Thursday, April 11, 2013

Forsythia Frost, Spring

Yesterday, the Forsythia bloomed.




It put me in mind, again, of the poem by Robert Frost, which I keep meaning to write about. I'll quote it again:

Nature's first green is gold
Her hardest hue to hold
Her early leaf's a flower
But only so an hour
Then leaf subsides to leaf
So Adam sank to grief
So dawn goes down to day
Nothing gold can stay.

Every spring, like clockwork, this poem comes to me. I must have memorized it, along with others, in grade school. But I don't remember it being particularly memorable to me then. It only came back to me later, when I was a young adult and living on my own in my second apartment, a third-story nest in the top of an old house, and started to truly look at the world around me.

I noticed then, that very, very early in the spring, really late winter, before anything buds or blooms or sprouts or pushes up, the very thin furthest twig ends of certain trees start to redden. I was perched up there on the third story, and I'd look out at the horizon, a band of trees in the near distance, and the line against the sky was faintly pink, like a reverse sunset, and day by day became redder and redder until, one day, leaves appeared, the tiniest reddish bursts of color.

The second year this happened, I felt a strange kind of anticipation. This is spring coming, I'd think. It's got its own fore-runners! And I started to look around and see others. I think it was then that Frost's poem returned.

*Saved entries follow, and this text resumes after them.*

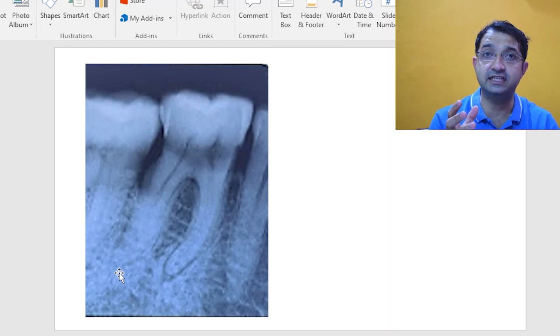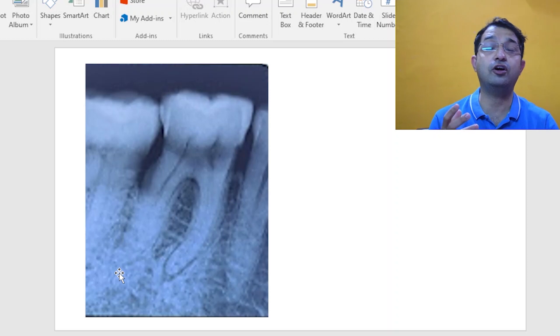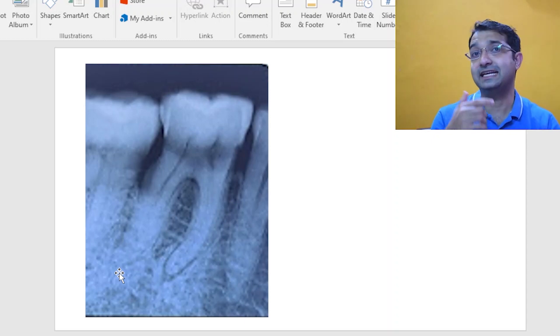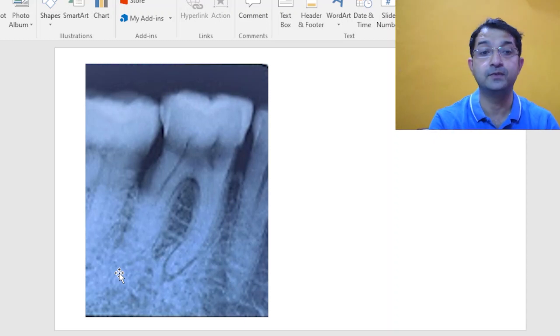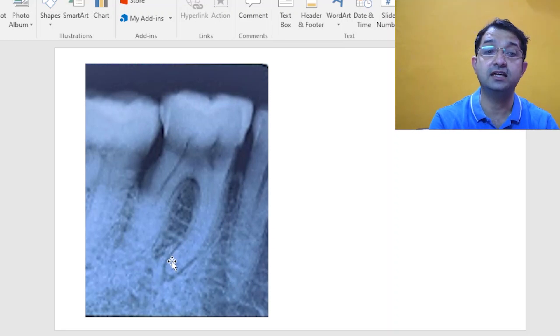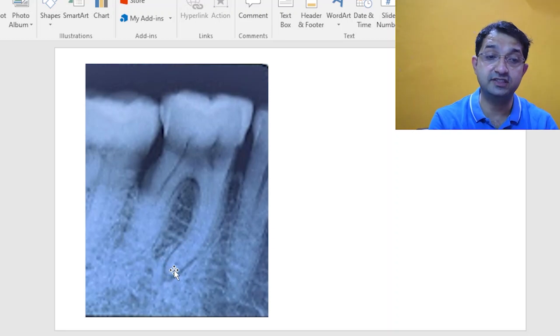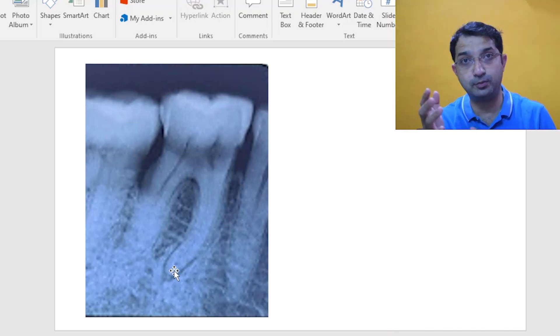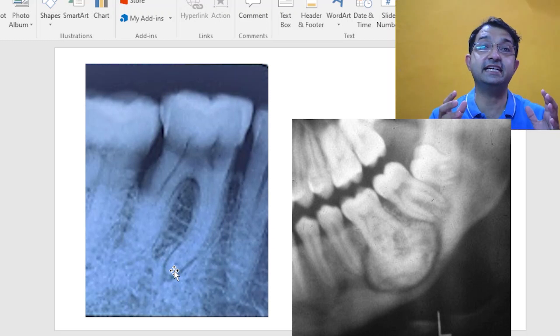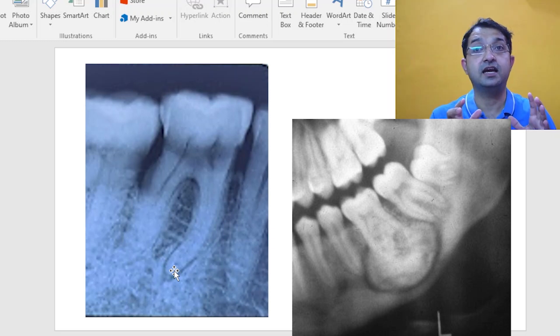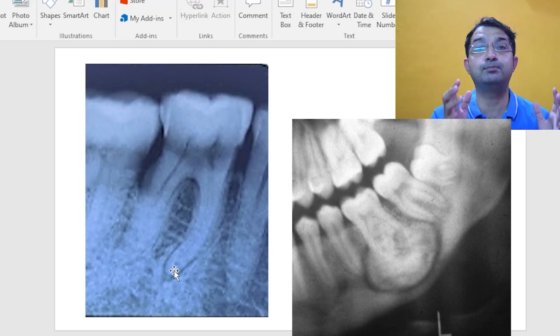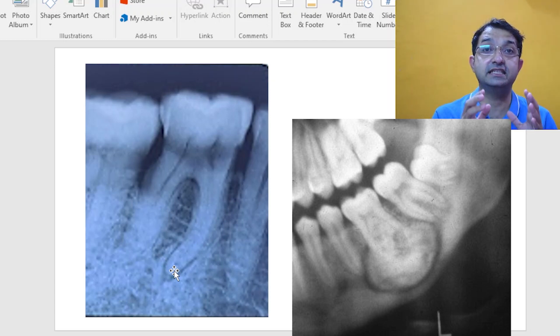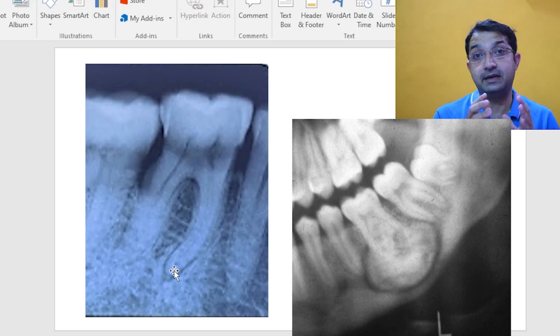The condensing osteitis is because of deposition of bone and that is why it appears radio opaque. So if you see there is a lamina dura, the widening what you see is before the radio opacity, whereas in cementoblastoma you see the lamina dura after the radio opacity. So that's a very important differential diagnostic feature for radio opaque lesion what you see in the periapex.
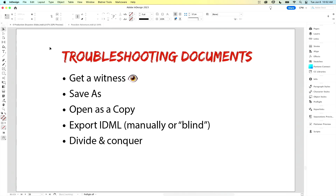Then we come to the divide and conquer approach. If you have a long document — 100 pages or something — you can save a copy, delete 50 pages, and see if the problem occurs in the 50 pages you saved. Continue dividing that in half, and so on and so forth, until you get to the problem page. Isolate the problem.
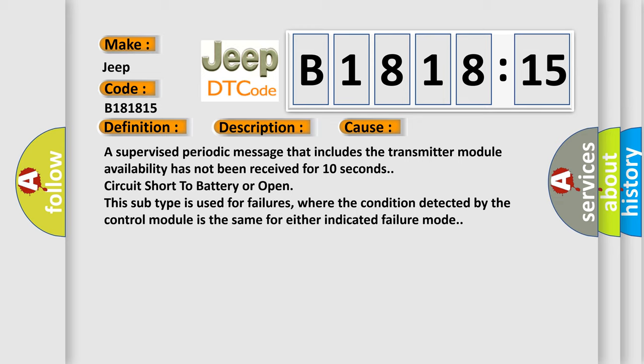A supervised periodic message that includes the transmitter module availability has not been received for 10 seconds. Circuit short to battery or open. This subtype is used for failures where the condition detected by the control module is the same for either indicated failure mode.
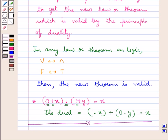Hope you have understood the definition of Boolean algebra and also the duality in Boolean algebra.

The town I grew up in, McDonald, Ohio, is a very small steel town. When we were young and growing up, its streets were lined with maple trees. Not young ones but not old ones. These were young adult trees, with robust, deep green leaves and round ball-shaped crowns, neatly marching up and down every street of the grid that mostly defines McDonald.

And I noticed a curious thing. The seeds of the maple flower before the leaves. They sprout like tiny wings, fluttering out day by day. But they're not wings, or leaves, or seeds. They're tiny little flowers. And they're not quite green. Not quite gold. They're spring.

This, I thought then, is what Robert Frost means. The seeds before the leaves. And for many years, this is what Frost's poem has meant to me.

But this year, as I pondered this poem that for me has become a seasonal pondering, I thought about the lowly forsythia. Most of the year a totally unspectacular shrub. Sometimes a wild haired scrawny child. Sometimes a tangled weed of a thing. But in the spring, before anything blooms, except perhaps the crocus, before its own leaves even, it floods the world with gold.

And that you can count on. It keeps coming back. It's pretty tough, that forsythia.

And yes, it fades, but other things come to take its place. And I just can't see that as a sad thing. And for me the Frost poem, too, is not a sad thing. It's a kind of renewal, in the spring of every year. A tradition. A chant. The harbinger.

So I say to Robert Frost, no, nothing gold can stay. But it can return. And it does. And that, that returning, that is spring, to me. And poetry.